OK, since no mathmeticians have jumped in I will do the work myself. Here is a puzzler for anybody wanting to try. I'll post the answer later.
While driving home through Montana today I figured out how far away the Harley's appeared on that stretch of highway if they were oncoming cars, about 8/10 mile.
Here's the puzzle. A person (me) wants to pass a semi and five cars that are going 65 mph in a 70 mph zone. The cars are following each other and the truck about two car lengths apart. I am following the last car about two car lengths back and, because I am such a careful driver, I want to give the truck a full semi length of space before pulling back in. There is an oncoming car about 0.8 miles down the road probably doing 75 mph. As I pass the line of vehicles I will do 90 mph. Is this a safe pass and what will be the distance betweem me and the oncoming car when I pull back into my lane?
I'd never pass that many vehicles at once - mainly because if I'm looking to over-take them, so is someone else and cagers never expect to be over-taken when they're about to over-take. I'd take them one or two at a time.
Good point about giving the truck space before pulling back in, for all you (or any of us) know, he could be tail-gating another vehicle.

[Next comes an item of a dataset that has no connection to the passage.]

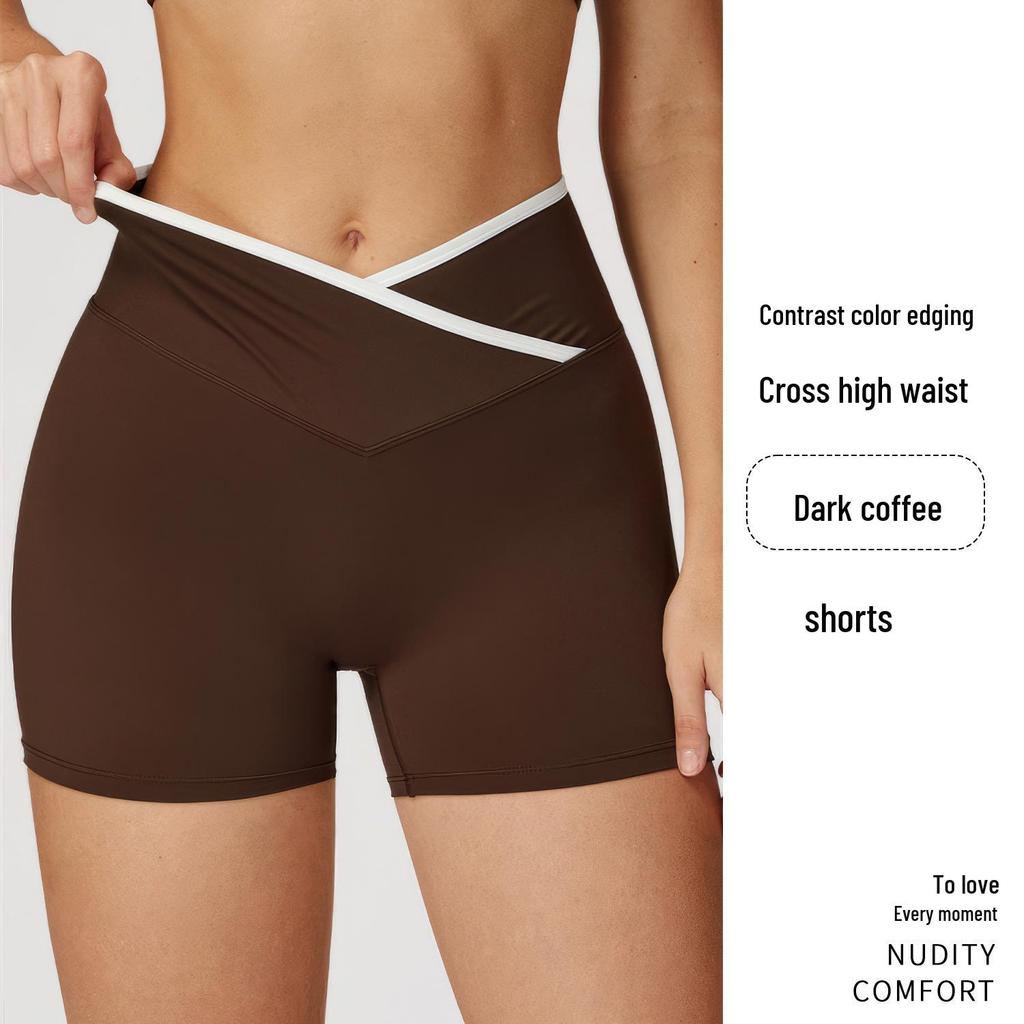Shorts de Yoga Américains Européens Taille Haute avec Effet Push-Up Pêche - Pantalon de Fitness Trois Points pour Femmes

I'm a bit concerned that my twin headlights might be mistaken for a distant car as well, and I've been thinking of fitting extra lights, although I'm not sure where. On the engine guards would be the most logical place, although I like putting my legs there when I want to stretch them.
That is normally the best and safest approach. In this case, none of the cars left any room to get back in at any point along the line. It was an all or nothing decision. The shoulder was wide enough so that if one of the cars decided to pass without warning or looking I could move onto the shoulder to avoid them. Each situation is different and every decision has its own associated risks.